My truck died in the driveway several months ago.   I ran it for a couple minutes to move it to the driveway.  When I went to start it an hour later, it wouldn't start. 

I've since been tinkering with it for months.

 

  • Replaced lift pump relay.
  • Replaced fuel filter.
  • Tested lift pump pressure (10psi, low, but should start)
  • Unplugged and re-plugged: VP44, PCM, VP44 relay, apps, various connectors I could reach
  • Replaced batteries with brand new.
  • Added 5 gallons of fresh fuel. 

 

Originally, there wasn't anything I could do to start the truck.  Then I learned how to hotwire the VP44 and the lift-pump relay.  I was able to start the truck this way.  However, if I barely touched the accelerator, it would jump up to a high idle, and stay there. 

 

After all my tinkering, I'm at the point where I can start the truck now without hot-wiring anything.

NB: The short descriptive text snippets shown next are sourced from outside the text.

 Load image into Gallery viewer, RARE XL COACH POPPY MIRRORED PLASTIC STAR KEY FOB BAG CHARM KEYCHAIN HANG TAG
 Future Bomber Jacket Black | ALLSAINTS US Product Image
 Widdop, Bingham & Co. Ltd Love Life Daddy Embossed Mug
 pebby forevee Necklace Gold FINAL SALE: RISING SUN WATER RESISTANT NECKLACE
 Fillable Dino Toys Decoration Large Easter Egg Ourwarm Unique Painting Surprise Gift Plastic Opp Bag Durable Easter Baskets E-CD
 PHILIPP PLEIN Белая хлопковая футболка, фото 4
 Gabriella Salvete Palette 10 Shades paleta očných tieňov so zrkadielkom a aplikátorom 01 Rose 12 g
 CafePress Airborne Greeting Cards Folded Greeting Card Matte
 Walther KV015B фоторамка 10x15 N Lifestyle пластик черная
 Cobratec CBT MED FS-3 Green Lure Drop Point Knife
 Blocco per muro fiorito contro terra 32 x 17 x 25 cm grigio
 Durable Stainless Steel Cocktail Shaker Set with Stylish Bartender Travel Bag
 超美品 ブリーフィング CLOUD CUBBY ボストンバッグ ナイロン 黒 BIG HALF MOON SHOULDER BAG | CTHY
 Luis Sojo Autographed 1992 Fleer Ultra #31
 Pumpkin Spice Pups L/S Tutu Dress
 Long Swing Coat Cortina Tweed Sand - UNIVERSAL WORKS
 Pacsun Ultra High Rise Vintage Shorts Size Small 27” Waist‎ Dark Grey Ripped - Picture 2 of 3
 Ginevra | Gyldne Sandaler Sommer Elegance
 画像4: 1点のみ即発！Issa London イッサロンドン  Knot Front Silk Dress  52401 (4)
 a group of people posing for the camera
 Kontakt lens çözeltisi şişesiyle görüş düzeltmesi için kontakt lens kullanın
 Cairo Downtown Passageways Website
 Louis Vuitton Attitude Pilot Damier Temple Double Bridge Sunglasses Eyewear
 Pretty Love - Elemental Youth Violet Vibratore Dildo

  1. Turn key to run, until wait light goes out.
  2. Turn key to start, just a blip. (to start the lift pump)
  3. Wait five seconds. 
  4. Turn key to start.

 

But I still have this problem where all I get is idle, and high-idle.   I've tried doing the procedure for resetting the apps, but just once.  Did I 

 

I've done some bench testing on my apps.  For the things I can check while it's disconnected, that seems fine.  The wiper/resistance looks smooth on my needle volt meter. 

 

What's next? 

 

Thank you, 

-Mark

 

  • Owner
Posted

Test your alternator for excessive AC noise. I've got a feeling the VP44 is fine but the ECM is going south. APPS sensor has two validation switch so as soon as it goes to throttling mode it's now jumping to high idle and that it which means there is an ECM fueling map issue caused from AC noise.

Posted

Thank you for the tip.  I went and found your alternator noise article.  I did method #1.  I'm still not getting anything but the two throttle settings.  I have not messed with the ECM or the plug going into it.  Is it worth a shot to disconnect that and re-seat? 

 

I've seen threads saying that ECMs are no longer available.  Are there 3rd party options if it turns out that I need a new ECM

  • 4 weeks later...
Posted

I haven't abandoned this thread.  :)

I went out to start the truck to get the AC voltage, and it wouldn't start.  My usual technique of bumping the starter to start the lift-pump is no longer working.  

 

The ECM is not interested in running the lift pump voluntarily.  I can hotwire the lift pump, but doing so doesn't help. 

 

I've been hunting around for where there might be a bad wire.

Posted

Does your wait to start light come on at key on?

 

Hot wiring the pump wont make the pump run?

 

Is the engine turning over and just not starting or not turning over with the starter?

Posted

Does your wait to start light come on at key on?

Yes.  The whole key-on sequence seems normal except the lift-pump only running for 1/2 second.  Then I bump the starter, and the lift-pump will run (maybe, maybe not) for another 15 seconds. If the lift-pump runs after the bump, the truck will start.

 

Hot wiring the pump wont make the pump run?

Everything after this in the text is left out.